Since colonization began, the impacts of natural resource extraction have devastated Indigenous communities in the United States and across the globe.
In Northern California, gold miners inflicted nearly irreparable damage to the Klamath River, the lifeline of my people. Hydropower dams spurred the collapse of salmon runs that sustained us since the beginning of time. Industrial timber companies transformed our diverse oak woodlands into pine tree plantations that fuel extreme wildfires, robbing us of acorns and even our homes.
These shortsighted actions are also an assault on our sacred connection to the land, which is fundamental to who we are as Native people.
So when the offshore wind industry tells us about all the great opportunities their projects will provide Native people, we’ve heard it before.
The Yurok Tribe, the largest in California, will not let another industry commit violence against our people, our ancestral landscape or our cultural viewsheds. During sacred renewal ceremonies, we pray at the summit of high mountain peaks, which offer an unobstructed view of the ocean. These prayer seats represent the last places where we can see the world through the eyes of our ancestors. The ability to focus on our prayers without having to view the destruction wrought by industry is critical to our cultural identity.
The experience is a constant reminder of who we are and where we come from.
The U.S. Bureau of Ocean Energy Management recently selected two multinational corporations to develop large wind projects off our coast. While some bidders met with my tribe, California North Floating and RWE Renewables have not.
This lack of outreach has revived concerns that history is repeating itself. California tribes are worried that these corporations will come in, profit off of our resources and leave our communities poorer for it – as their predecessors did.
Offshore wind developers on the East Coast excluded Native American tribes from participating in project planning and development.
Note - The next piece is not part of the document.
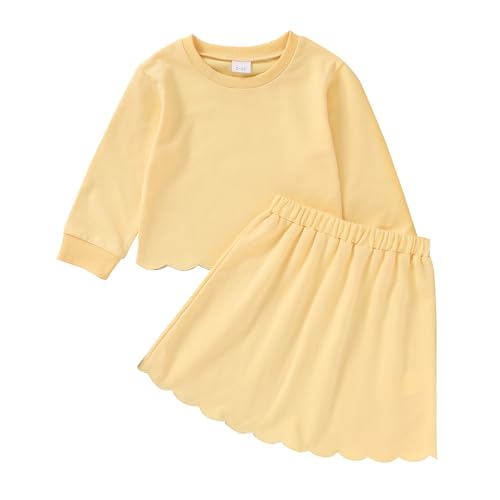 Toddler Baby Girl Ribbed Neckline Sweater and Skirt Set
To add insult to injury, a now-defunct project off the shores of Wampanoag territory in Massachusetts was ignorantly named the “Mayflower Project.” For an industry that proclaims the importance of diversity, equity and inclusion, it is hard to fathom why Native American tribes were completely left out of the decision-making process and instead insulted with a name associated with the beginning of the Native American genocide.
Indigenous tribes have holistically managed marine, riverine and terrestrial ecosystems to maximize biodiversity and resilience since time immemorial. In return, the natural world provided everything we needed to survive.
Until recently, we were the sole decision-maker regarding the management of our environment. The choice to move forward with offshore wind projects should be the sole right of the tribes that have sacrificed so much while others amassed generational wealth from our resources.
Tribal nations may decide to support offshore wind development. If that happens, Native people must be in leadership positions through every phase of the process – from planning, construction and operation to potential decommission. Tribes need to have both an economic stake in the corporations as well as seats on the governing boards of those companies.
This will help ensure that these projects are prosperous and sustainable over the long term.
Wind energy developers have a chance to chart a new course not only for the energy sector but for how Native people are treated by multinational corporations. Tribal involvement should begin by acknowledging that Indigenous people are an integral part of the environment. What happens to our land, rivers and ocean affects our ability to exist.
Offshore wind presents an opportunity to develop the clean energy America needs. But unless offshore wind truly engages with the Native American tribes that suffered the impacts from previous natural resource extraction, it will be as dirty as the rest of them.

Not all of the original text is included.